[R-sig-ME] Binomial model variance and repeatability estimates with MCMCglmm

Tue Oct 21 21:44:19 CEST 2014

List,
A colleague recently asked me some questions about issues with 
estimating repeatabilities for binomial/binary data. In trying to help 
out I started playing around with simulating some data and have been 
struggling to get decent effective sample sizes even when parameters are 
being well estimated. I suspect the problem is partly the priors 
(inverse-gamma) but have had issues with other priors too (priors as 
specified in MCMCglmm are still quite unclear to me in general, however).

While quite often repeatability gets estimated very well despite 
effective sample sizes of only a few dozen I also am getting poorly 
estimated repeatabilities (~0) with a population level repeatability of 
<.4 and sample sizes less than n=100 and reps=2, suggesting the 
inverse-gama being informative around zero. Is the poor mixing 
potentially due to using multinomial2 rather than categorical? I don't 
want to go the categorical route because repeatabilities are of 
particular interest.

I'm much less comfortable with generalized rather than standard linear 
models so I wonder if there are any glaring issues with the coding. Any 
thoughts on what might be going on?

Thanks for any help.
Ned

#make function to calculate inverse logit:
inv.log<- function(x){
   exp(x)/(1+exp(x))}

#specify some start conditions and bookkeeping stuff

#specify data distributions:
repeatability=0.3 #Change this for other repeatabilities (sampled 
population's repeatability, not sample's realized latent repeatability)
sigma2.e=6 #arbitrary, set repeatability above
sigma2.a=(repeatability*sigma2.e+repeatability*((pi^2)/3))/(1-repeatability)
B0=0 #could do different fixed effects with some more work...

#(n=number of individuals, i=number of replications per individual)
counter=0; n=150; i=4
ind.data=matrix(0,n*i,3) #make place to store data
tru.lat=matrix(0,n*i,2) #store sampled underlying scores

for(j in 1:n){
   alpha.j=rnorm(1,0,sigma2.a)
   for(rep in 1:i){
     counter=counter+1
     ind.data[counter,1]=j
     eij=rnorm(1,0,sigma2.e)
     pij=inv.log((B0+alpha.j+eij))
     ind.data[counter,3]=rbinom(1,1,pij)
     ind.data[counter,2]=1-ind.data[counter,3]
     tru.lat[counter,1]=alpha.j
     tru.lat[counter,2]=eij
   }}

ind.data=as.data.frame(ind.data)
names(ind.data)=c("Ind", "Fail", "Success")

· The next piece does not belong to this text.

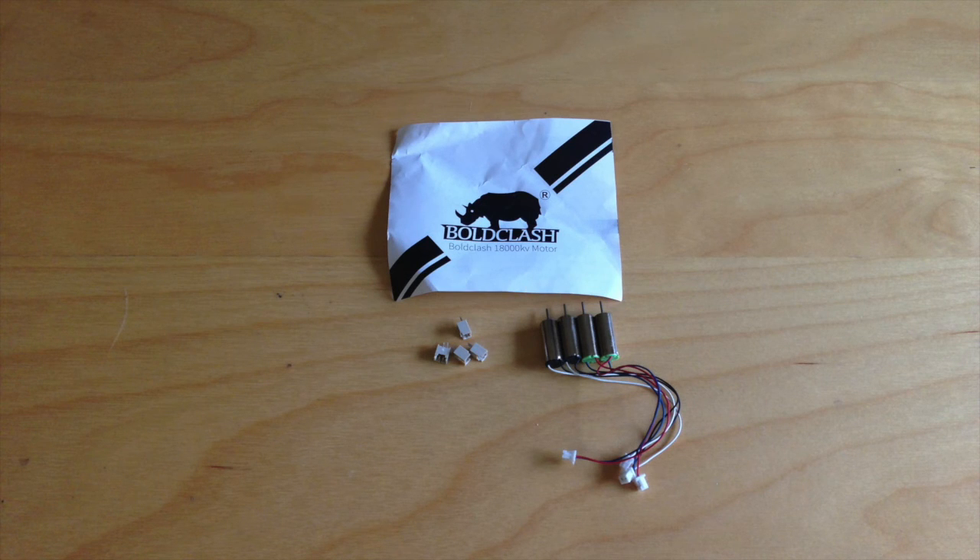My Bold Clash motors came packed inside a small ziplock bag, which is packed inside a larger plastic bag. Inside the package came the four Bold Clash motors, a manual, and four 1.25mm micro JST connectors.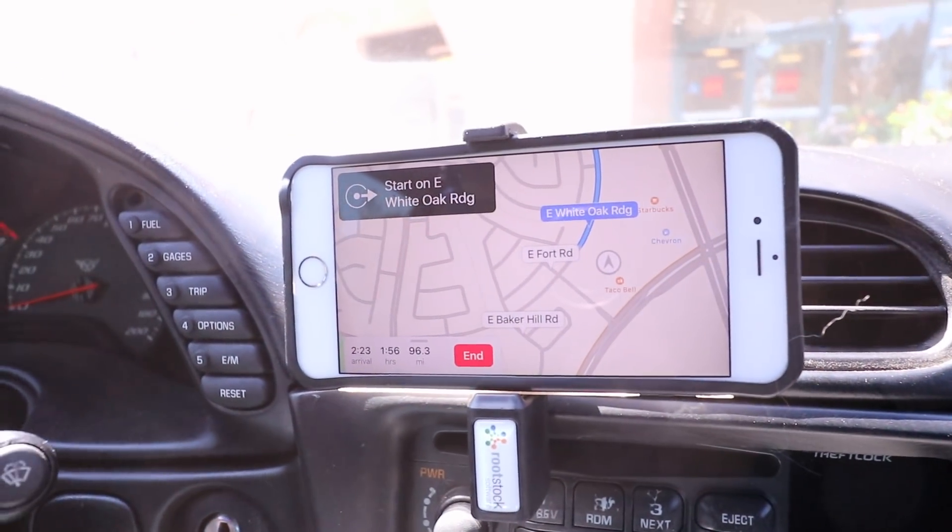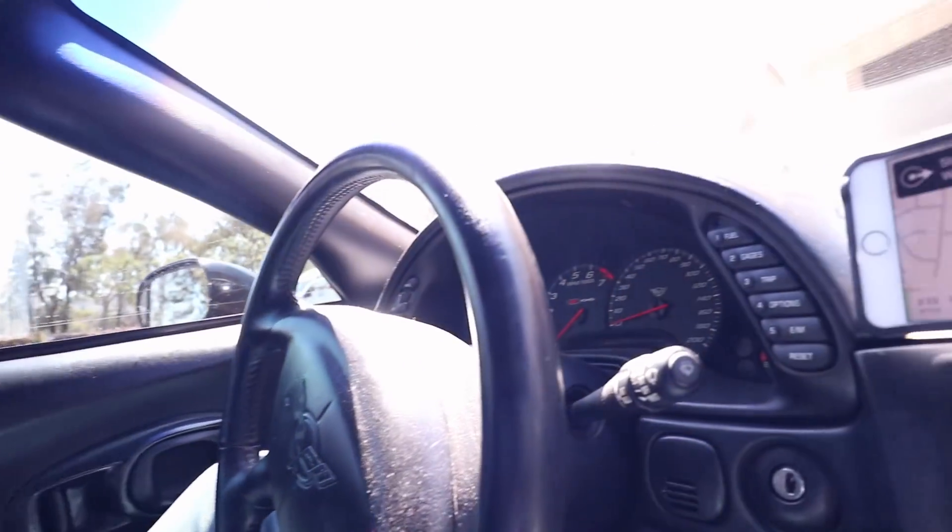So we're heading down to a hot rod shop right now. I got a FAST 92 — well, I didn't get it yet. It's on Craigslist and it looks like a really good deal, so I'm gonna head down and get it. We got a big drive ahead of us, it's 90 miles away.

prior1 = list(R = list(V = 1, nu=0.002),
               G = list(G1 = list(V = 1, nu = 0.002)))
sim.mcmc<-MCMCglmm(cbind(Fail,Success)~1, random= ~Ind,
                    family="multinomial2", prior=prior1,
                    nitt = 260000, thin = 200, burnin = 60000,
                    verbose=FALSE,data=ind.data)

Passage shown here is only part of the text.